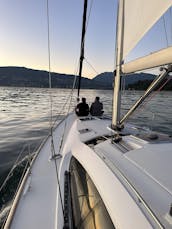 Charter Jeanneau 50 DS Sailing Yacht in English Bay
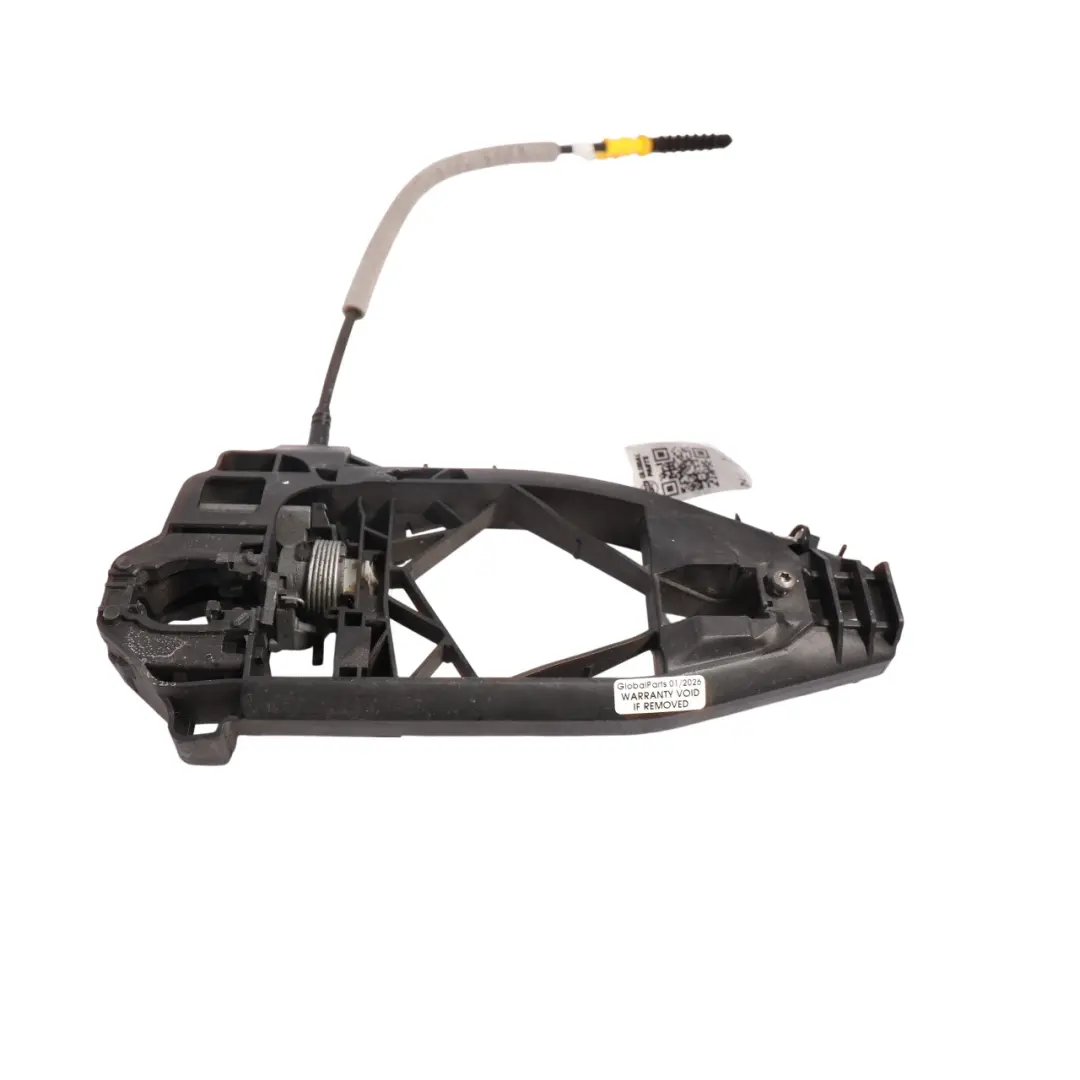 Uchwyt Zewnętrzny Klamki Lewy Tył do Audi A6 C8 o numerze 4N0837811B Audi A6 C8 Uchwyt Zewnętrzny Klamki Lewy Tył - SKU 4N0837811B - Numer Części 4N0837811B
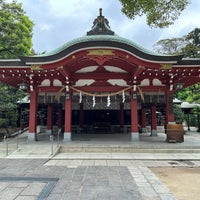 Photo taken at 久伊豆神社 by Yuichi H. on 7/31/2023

* * *

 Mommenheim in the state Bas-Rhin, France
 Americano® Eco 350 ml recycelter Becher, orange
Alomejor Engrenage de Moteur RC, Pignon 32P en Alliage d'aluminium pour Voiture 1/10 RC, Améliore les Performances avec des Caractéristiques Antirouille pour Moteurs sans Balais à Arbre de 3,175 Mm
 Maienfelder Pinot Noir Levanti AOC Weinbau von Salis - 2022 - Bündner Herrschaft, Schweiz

...

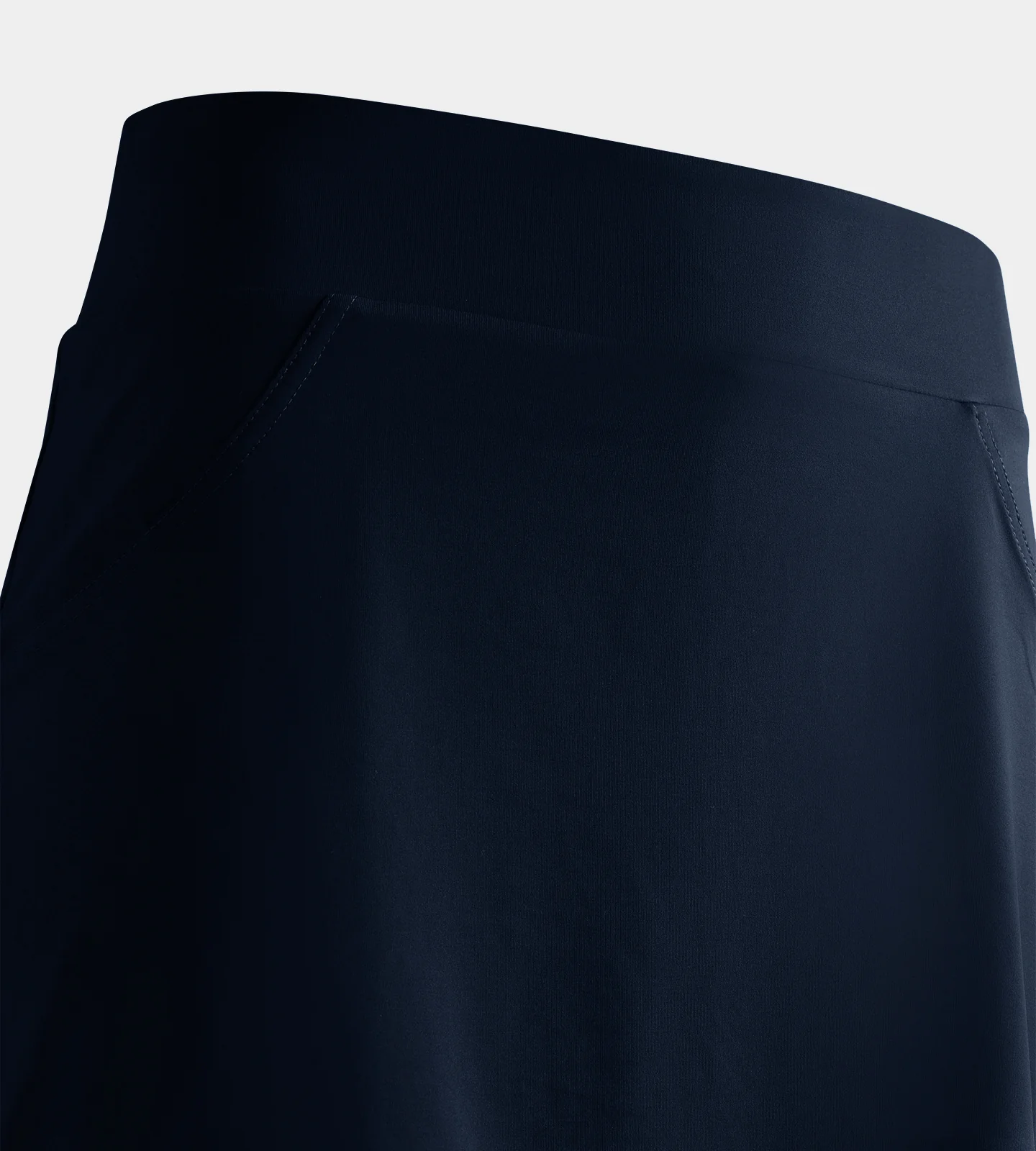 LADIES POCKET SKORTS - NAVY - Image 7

Activity: In the records above, everything from the line with "Charter Jeanneau 50" down to the line with "Photo taken at" must be duplicated exactly, both lines kept. Leave no pictures in.

Result below:
 Charter Jeanneau 50 DS Sailing Yacht in English Bay
 Uchwyt Zewnętrzny Klamki Lewy Tył do Audi A6 C8 o numerze 4N0837811B Audi A6 C8 Uchwyt Zewnętrzny Klamki Lewy Tył - SKU 4N0837811B - Numer Części 4N0837811B
 Photo taken at 久伊豆神社 by Yuichi H. on 7/31/2023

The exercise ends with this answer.